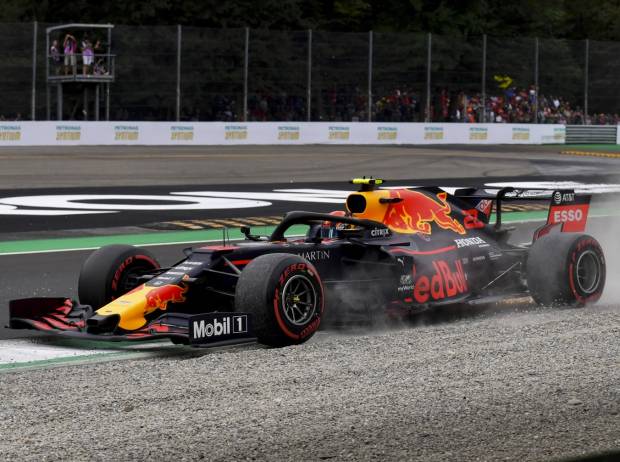 Foto zur News: Nach Formel-3-Crash: Kopfschütteln über "Baguette-Kerb"
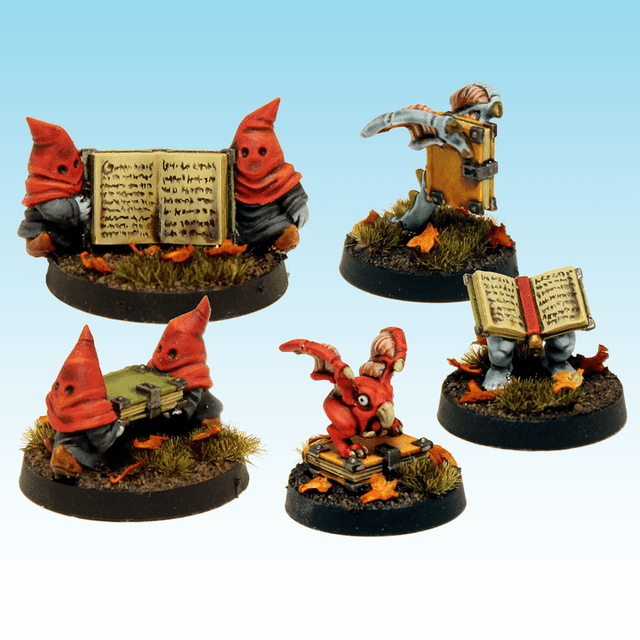 Helpers 2 - Books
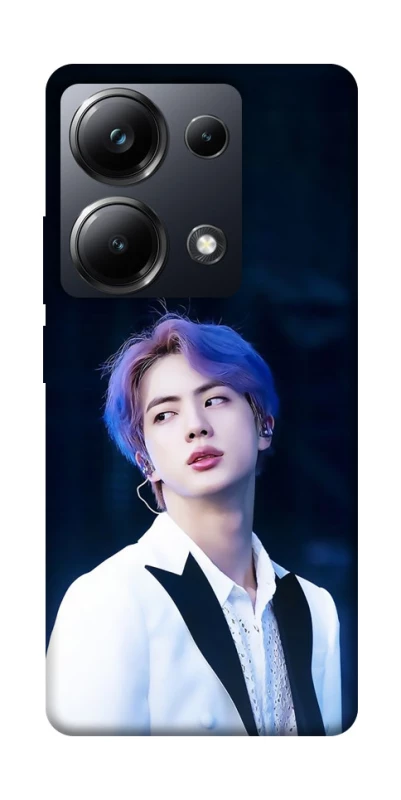 Чехол на Xiaomi Poco M6 Pro 4G Jin - BTS фото 1 из 1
....................
Assignment: Once the pictures are set aside, what is needed is the lines from the line with "Helpers 2 - Books" through the end of the data, written out exactly and alone.

Answer section:
 Helpers 2 - Books
 Чехол на Xiaomi Poco M6 Pro 4G Jin - BTS фото 1 из 1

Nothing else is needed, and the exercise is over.